Overview
I don’t use Twitter. But, a lot of people do: globally, there are about 6000 tweets per second. So, I decided to make a visualization of tweets over time, using their geolocation tags to plot them on a map.
First things first - how do I scrape data from Twitter? It took a little digging, but I found the excellent streamR package, which interfaces with the Twitter API. Twitter’s API lets you sample the stream of public tweets in realtime. streamR
provides some very useful functions that let you filter that stream by different variables (like location or username), as well as parse the tweets you get into a tidy data frame.
Setup
I sampled the Twitter stream for 7 hours, from about 6 am Eastern to 10 am Pacific, and recorded only those tweets that were both public and located within the US mainland (more or less). The goal was to see how the concentration of tweets in the western part of the US increases as people start to wake up. (Thank you to my good friend, Alex, for giving me that idea!)
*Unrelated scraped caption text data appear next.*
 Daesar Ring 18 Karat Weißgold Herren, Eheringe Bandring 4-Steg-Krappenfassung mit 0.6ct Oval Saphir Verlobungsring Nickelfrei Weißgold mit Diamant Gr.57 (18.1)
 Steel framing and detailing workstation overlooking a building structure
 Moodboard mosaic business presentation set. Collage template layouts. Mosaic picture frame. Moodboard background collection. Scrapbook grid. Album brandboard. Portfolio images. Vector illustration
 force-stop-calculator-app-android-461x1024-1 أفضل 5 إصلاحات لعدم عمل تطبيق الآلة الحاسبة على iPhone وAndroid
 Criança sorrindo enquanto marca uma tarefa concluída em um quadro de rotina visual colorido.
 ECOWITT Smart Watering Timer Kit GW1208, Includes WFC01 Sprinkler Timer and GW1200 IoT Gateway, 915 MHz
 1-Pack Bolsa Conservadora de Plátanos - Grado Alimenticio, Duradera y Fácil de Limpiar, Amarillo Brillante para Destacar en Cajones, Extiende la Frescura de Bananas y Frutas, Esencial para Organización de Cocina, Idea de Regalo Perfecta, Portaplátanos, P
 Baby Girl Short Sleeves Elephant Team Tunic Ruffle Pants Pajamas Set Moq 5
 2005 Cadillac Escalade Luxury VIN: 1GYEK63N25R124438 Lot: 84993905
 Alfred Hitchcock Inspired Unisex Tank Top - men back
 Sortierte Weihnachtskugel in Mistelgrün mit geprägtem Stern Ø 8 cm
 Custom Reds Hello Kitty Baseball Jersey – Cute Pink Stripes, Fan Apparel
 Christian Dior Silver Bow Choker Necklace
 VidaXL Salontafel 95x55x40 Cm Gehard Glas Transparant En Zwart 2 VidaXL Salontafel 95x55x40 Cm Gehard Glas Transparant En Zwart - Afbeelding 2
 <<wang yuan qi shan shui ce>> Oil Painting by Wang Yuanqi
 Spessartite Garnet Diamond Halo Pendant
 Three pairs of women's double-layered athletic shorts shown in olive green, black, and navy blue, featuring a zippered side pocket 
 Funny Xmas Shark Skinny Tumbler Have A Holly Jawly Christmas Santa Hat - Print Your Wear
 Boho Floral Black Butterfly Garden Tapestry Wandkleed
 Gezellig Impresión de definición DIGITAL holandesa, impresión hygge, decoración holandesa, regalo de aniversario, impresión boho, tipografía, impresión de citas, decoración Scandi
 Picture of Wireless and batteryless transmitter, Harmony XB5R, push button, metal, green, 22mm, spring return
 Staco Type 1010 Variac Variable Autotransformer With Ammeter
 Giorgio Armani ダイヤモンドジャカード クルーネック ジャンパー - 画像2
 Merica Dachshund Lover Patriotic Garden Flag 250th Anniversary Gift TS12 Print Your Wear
The way Twitter filters for location is by using latitude and longitude coordinates to draw a rectangle around a given area on a map. Because the US isn’t perfectly rectangular, it did pull some data from Canada and Mexico. It is possible to filter these data out after the fact, but for my purposes I decided to leave them.
In the end, I captured 365530 tweets in the seven hour window, with an average of 860 tweets per minute, and a range of 207-2087 tweets per minute. Again, remember that this is just a subset of a random sample of all the public tweets that are happening in the US mainland.
Data Visualization
Here’s what the map looks like!
The red lines indicate the median longitude and latitude values for each timepoint. It appears that there is overall more use in the eastern part of the US compared to the western part, but this could be due to both population and time of day.
Methods
Before being able to pull data from Twitter, I first had to create an app at apps.twitter.com. Then I used the ROAuth
package and provided my app’s consumer key and consumer secret to establish the connection between R and my app. The code for how to do this is located in the documentation for the streamR
package.
Sampling the Twitter Stream
I used the filterStream
function in streamR
and gave the locations
parameter the coordinates of the bounding box for the US mainland.
library(streamR)
library(ROAuth)
# AUTHENTICATE FIRST; CODE NOT SHOWN HERE
# Coordinates for USA
usa <- c(-124.848974,24.396308,-66.53076,49.23037)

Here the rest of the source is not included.